Opponents of the federal government’s Secure Communities program say cases like Maximino’s exemplify why it doesn’t work: Immigrants who have committed no crime are being detained and deported, leaving behind U.S.-born children and families that, in many cases, will struggle to make ends meet.
Secure Communities allows local law enforcement agencies to check the fingerprints of people they detain and match them up with federal immigration and criminal databases, with the stated goal of deporting criminals.
Immigrant rights organizations and people like Reina joined in a national day of action in six U.S. cities, including Miami, on Tuesday. Florida activists delivered a report that documents what they see as Secure Communities abuses to the Democratic Party of Miami-Dade County, and demanded that the Obama administration terminate the program immediately.
Jonathan Fried of We Count! said during the event on Tuesday that in Miami-Dade County, as of May 2011, close to 60 percent of undocumented immigrants who have been detained under Secure Communities have not committed a crime.
Felipe Matos of Presente.org told participants that a recent poll by Latino Decisions — which conducts research on and polls of the Latino electorate — shows that 51 percent of registered Latino voters say immigration reform and the DREAM Act are “the most important issues facing” their community. Matos said that as of yesterday, more than 35,000 people had signed a Presente.org petition telling Obama to end Secure Communities.
Maria Rodriguez, executive director of the Florida Immigrant Coalition, said at the event that 56 percent of Florida Latinos voted for Obama in 2008, but that Secure Communities “has been maintained despite a growing chorus” that rejects the growing number of deportations that are separating families.

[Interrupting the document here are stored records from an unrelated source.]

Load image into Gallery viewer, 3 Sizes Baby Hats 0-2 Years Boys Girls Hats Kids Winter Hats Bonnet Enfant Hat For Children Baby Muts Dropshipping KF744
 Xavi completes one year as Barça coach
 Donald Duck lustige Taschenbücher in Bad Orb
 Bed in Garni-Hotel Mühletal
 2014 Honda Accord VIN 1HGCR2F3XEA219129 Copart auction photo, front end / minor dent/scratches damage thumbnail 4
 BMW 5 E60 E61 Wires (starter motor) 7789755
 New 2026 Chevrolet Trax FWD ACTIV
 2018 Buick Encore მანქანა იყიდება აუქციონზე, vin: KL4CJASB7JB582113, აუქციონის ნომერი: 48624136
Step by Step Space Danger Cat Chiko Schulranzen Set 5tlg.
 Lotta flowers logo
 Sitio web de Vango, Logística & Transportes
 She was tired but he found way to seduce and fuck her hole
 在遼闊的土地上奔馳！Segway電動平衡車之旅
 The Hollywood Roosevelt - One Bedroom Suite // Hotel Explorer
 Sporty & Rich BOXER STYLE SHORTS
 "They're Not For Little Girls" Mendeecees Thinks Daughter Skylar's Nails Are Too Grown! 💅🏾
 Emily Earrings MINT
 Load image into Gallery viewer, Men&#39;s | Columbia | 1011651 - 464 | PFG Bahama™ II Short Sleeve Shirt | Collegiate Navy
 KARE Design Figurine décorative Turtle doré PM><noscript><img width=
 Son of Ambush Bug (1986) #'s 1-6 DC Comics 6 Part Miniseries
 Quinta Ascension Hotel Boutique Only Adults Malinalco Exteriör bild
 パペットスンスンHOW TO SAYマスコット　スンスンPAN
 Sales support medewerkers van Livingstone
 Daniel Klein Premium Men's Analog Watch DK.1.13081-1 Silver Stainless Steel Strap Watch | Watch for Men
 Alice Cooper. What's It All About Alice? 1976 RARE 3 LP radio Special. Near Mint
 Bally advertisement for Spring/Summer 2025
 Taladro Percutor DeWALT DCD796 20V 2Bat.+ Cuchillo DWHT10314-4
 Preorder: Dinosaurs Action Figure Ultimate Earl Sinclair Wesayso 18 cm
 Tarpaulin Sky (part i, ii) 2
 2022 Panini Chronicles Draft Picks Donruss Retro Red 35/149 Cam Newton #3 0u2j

Reina’s oldest son, Max, was with his dad on the day he was arrested by Miami-Dade County police officers.
“We were going to work and we picked up some food for our lunch break. As soon as we turned the corner, the cop stopped us,” he says. “They asked him for his driver’s license. My dad said he didn’t have one; he gave [the police officer] his name. They checked on the computer, another cop came and told him to get down, and arrested him right there. They didn’t tell us why he got stopped, that it was a routine check.”
Max says he was not able to see his father in detention and that his family never received an explanation of the charges he faced from a lawyer or ICE agents. “They took him two days before Father’s Day and deported him on his birthday, and that is kind of messed up,” Max says.
“Why are they deporting fathers from kids who are born here, leaving the kids at home?” Max asks, adding, “How are the moms supposed to support the kids? What are they going to do?” Max says his mom does not have a job, but has received some support from her church to pay the bills.
Max is starting ninth grade and was working a construction job during the summer with his dad to make money for school. He does not want to go back to Mexico, even though he says he’s a “little bit” confident speaking Spanish. He says that after his father’s deportation, his 8-year-old brother “would cry a lot and did not eat for about two or three weeks.”
Diego Sanchez, a 21-year-old college student who lives in Fort Lauderdale and came to the U.S. at the age of 8, tells the Independent that his mom and two sisters are residents but he is not.
He is a senior at St. Thomas University, a private Catholic school, where he studies psychology and international relations. Thanks to his grades, he benefits from reduced tuition. He is also president of Students Working for Equal Rights.
“My dad is a painter, my mom cleans houses for a living, so they have to go to work early and can’t take me to school,” he says. “So I drive on an international license, but I’m risking everything. But you can’t stop your life.”
“I’m in a pretty good position compared to other folks that are in public transportation,” Sanchez says, “especially because [immigration authorities] have been stopping students in public transportation and ask you for ID. … There was a crime close to my house and there were folks that didn’t know whether to report it because they were afraid of the cops.”